*** INPUT MATERIAL ***

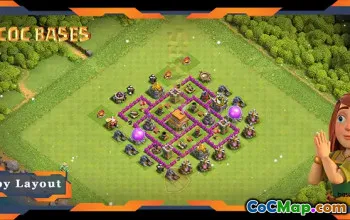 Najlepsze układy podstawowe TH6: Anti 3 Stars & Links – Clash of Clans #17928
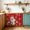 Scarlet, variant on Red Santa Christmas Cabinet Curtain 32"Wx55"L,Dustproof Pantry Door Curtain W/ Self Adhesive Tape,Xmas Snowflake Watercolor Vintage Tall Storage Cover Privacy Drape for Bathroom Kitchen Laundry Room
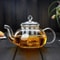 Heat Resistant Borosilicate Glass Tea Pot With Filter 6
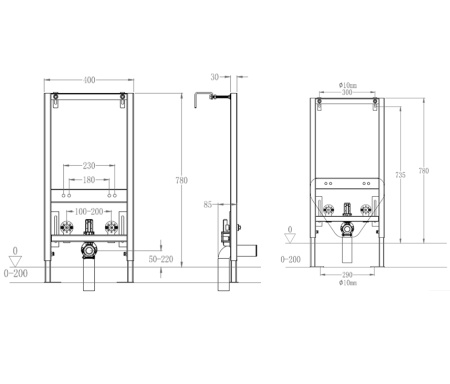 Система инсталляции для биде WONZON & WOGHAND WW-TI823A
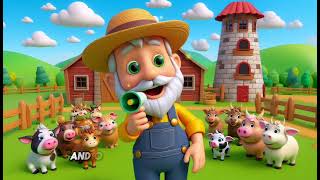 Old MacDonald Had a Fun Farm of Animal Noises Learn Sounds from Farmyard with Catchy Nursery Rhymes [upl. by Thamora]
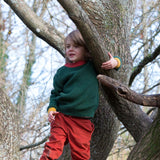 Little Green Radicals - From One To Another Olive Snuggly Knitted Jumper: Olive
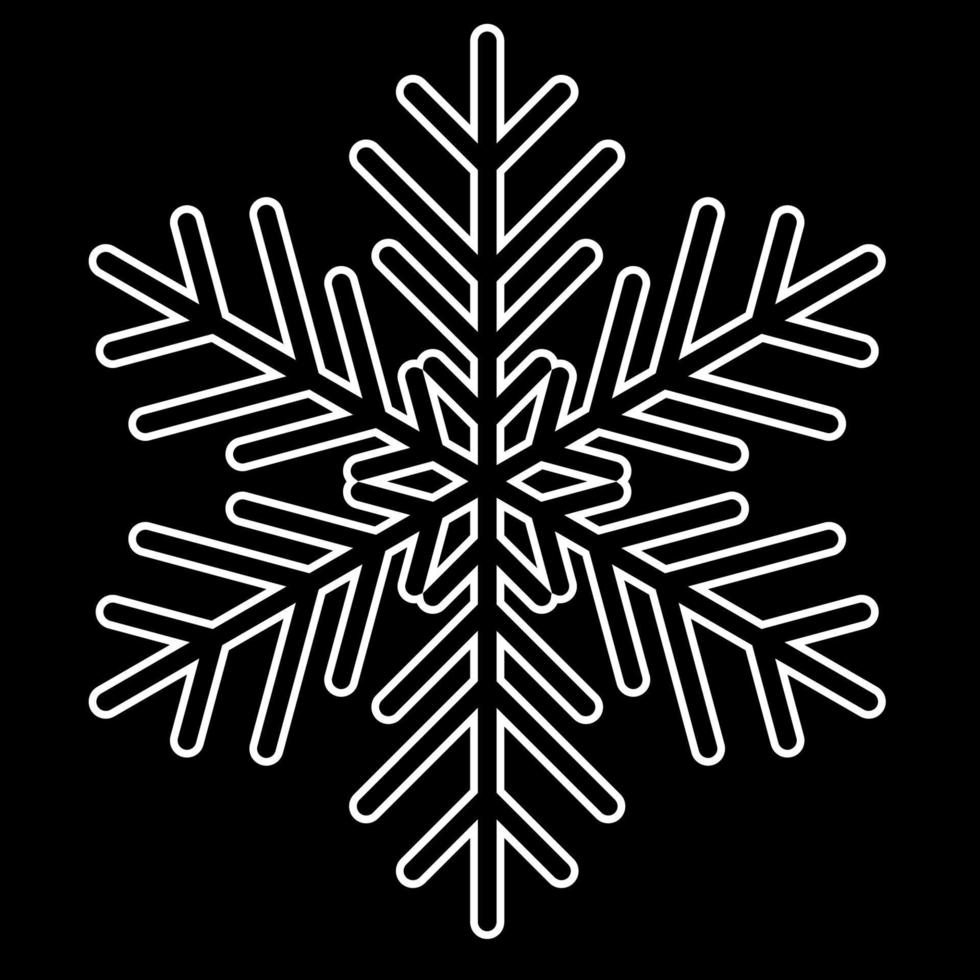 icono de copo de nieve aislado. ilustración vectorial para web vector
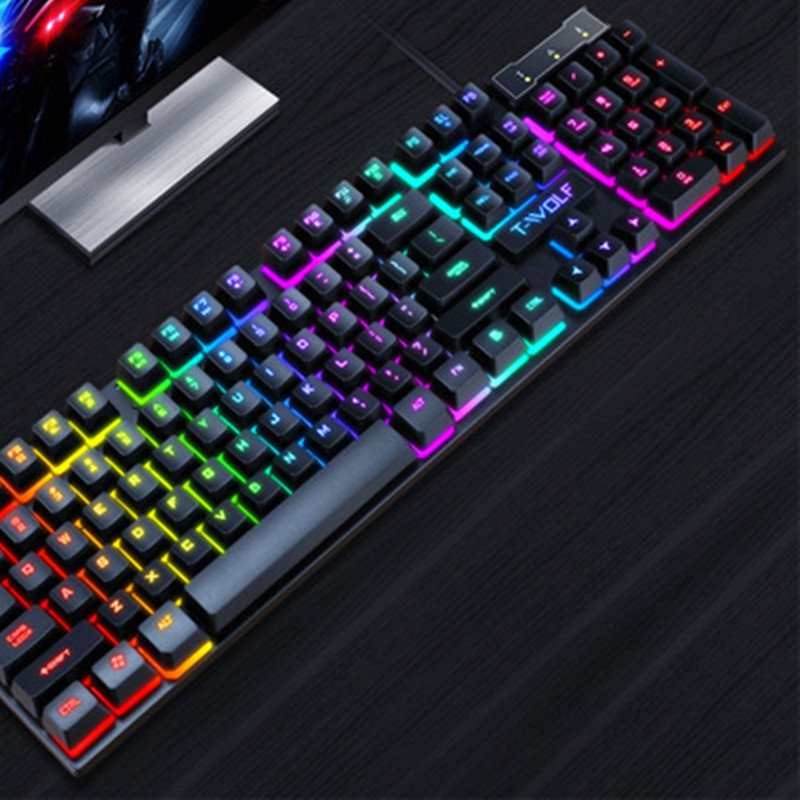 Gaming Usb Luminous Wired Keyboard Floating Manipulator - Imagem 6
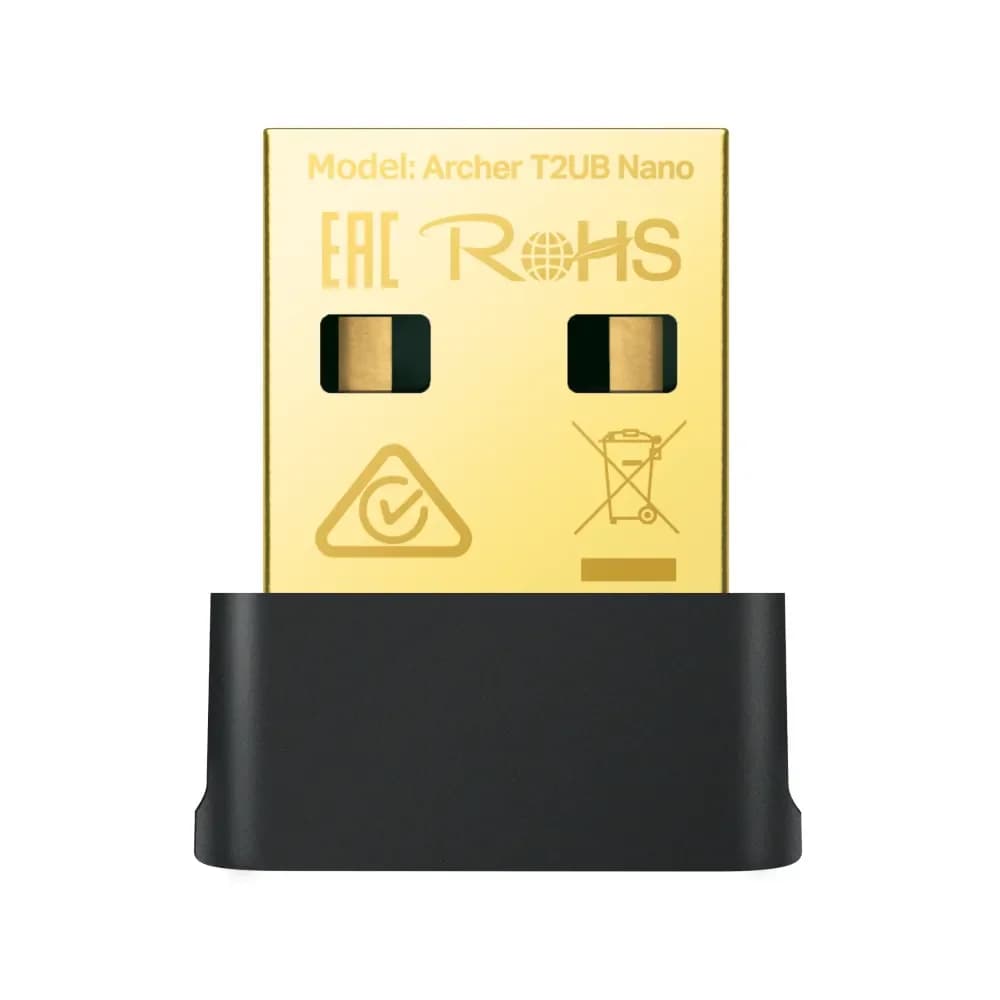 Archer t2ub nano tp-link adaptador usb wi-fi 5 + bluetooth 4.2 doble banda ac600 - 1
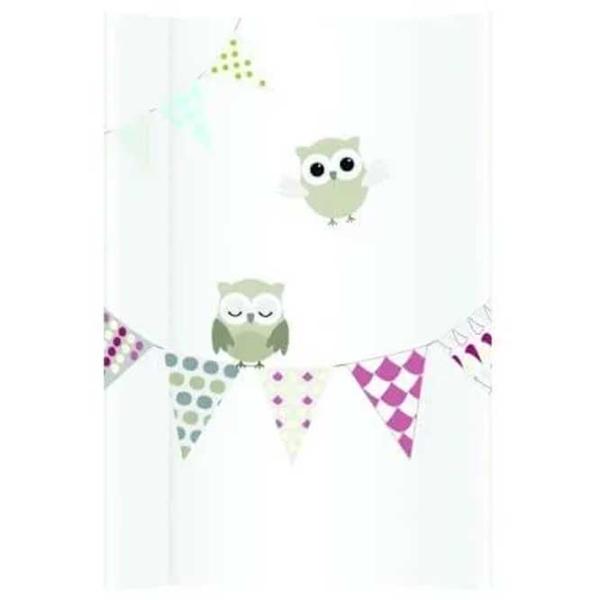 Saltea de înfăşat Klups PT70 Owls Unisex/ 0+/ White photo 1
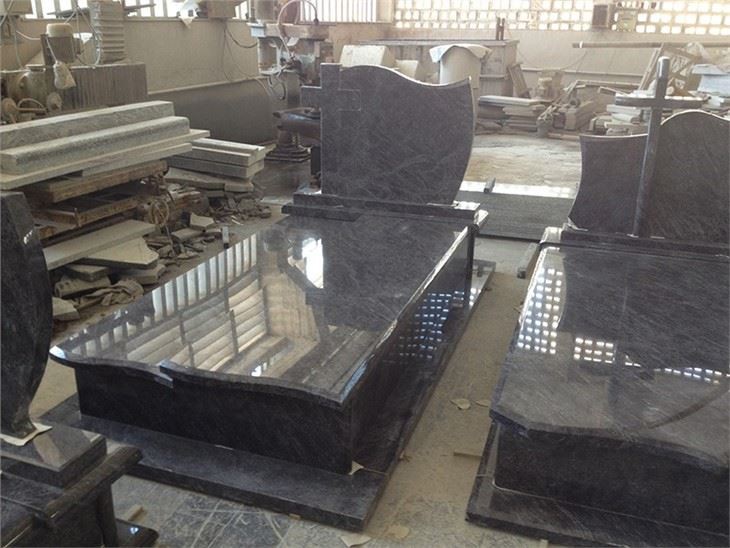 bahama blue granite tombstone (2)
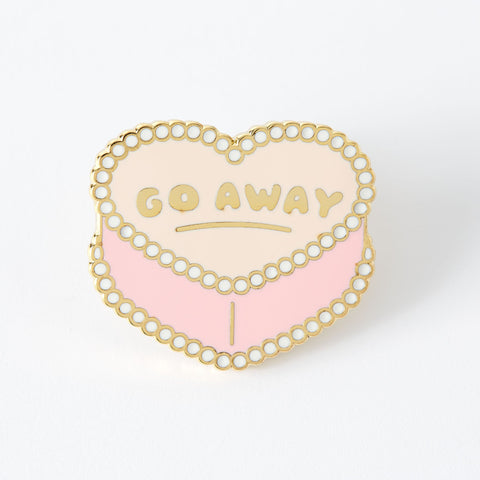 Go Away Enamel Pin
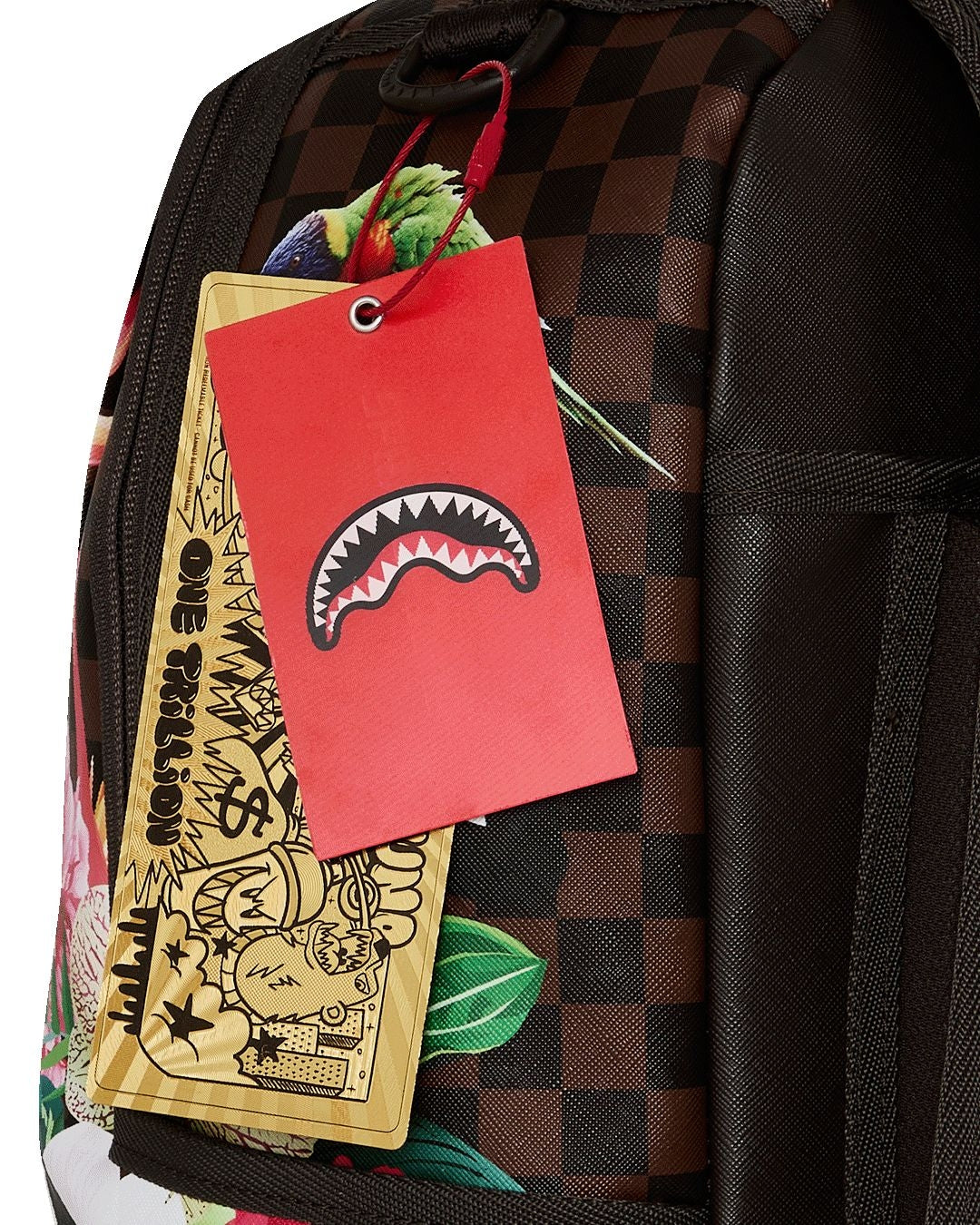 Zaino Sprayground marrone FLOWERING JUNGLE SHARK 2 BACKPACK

*** End of INPUT MATERIAL ***

» WHAT THE EXERCISE ASKS: Transcribe all the entries precisely. Do not include any picture.

» YOUR RESPONSE:
 Najlepsze układy podstawowe TH6: Anti 3 Stars & Links – Clash of Clans #17928
 Scarlet, variant on Red Santa Christmas Cabinet Curtain 32"Wx55"L,Dustproof Pantry Door Curtain W/ Self Adhesive Tape,Xmas Snowflake Watercolor Vintage Tall Storage Cover Privacy Drape for Bathroom Kitchen Laundry Room
 Heat Resistant Borosilicate Glass Tea Pot With Filter 6
 Система инсталляции для биде WONZON & WOGHAND WW-TI823A
 Old MacDonald Had a Fun Farm of Animal Noises Learn Sounds from Farmyard with Catchy Nursery Rhymes [upl. by Thamora]
 Little Green Radicals - From One To Another Olive Snuggly Knitted Jumper: Olive
 icono de copo de nieve aislado. ilustración vectorial para web vector
 Gaming Usb Luminous Wired Keyboard Floating Manipulator - Imagem 6
 Archer t2ub nano tp-link adaptador usb wi-fi 5 + bluetooth 4.2 doble banda ac600 - 1
 Saltea de înfăşat Klups PT70 Owls Unisex/ 0+/ White photo 1
 bahama blue granite tombstone (2)
 Go Away Enamel Pin
 Zaino Sprayground marrone FLOWERING JUNGLE SHARK 2 BACKPACK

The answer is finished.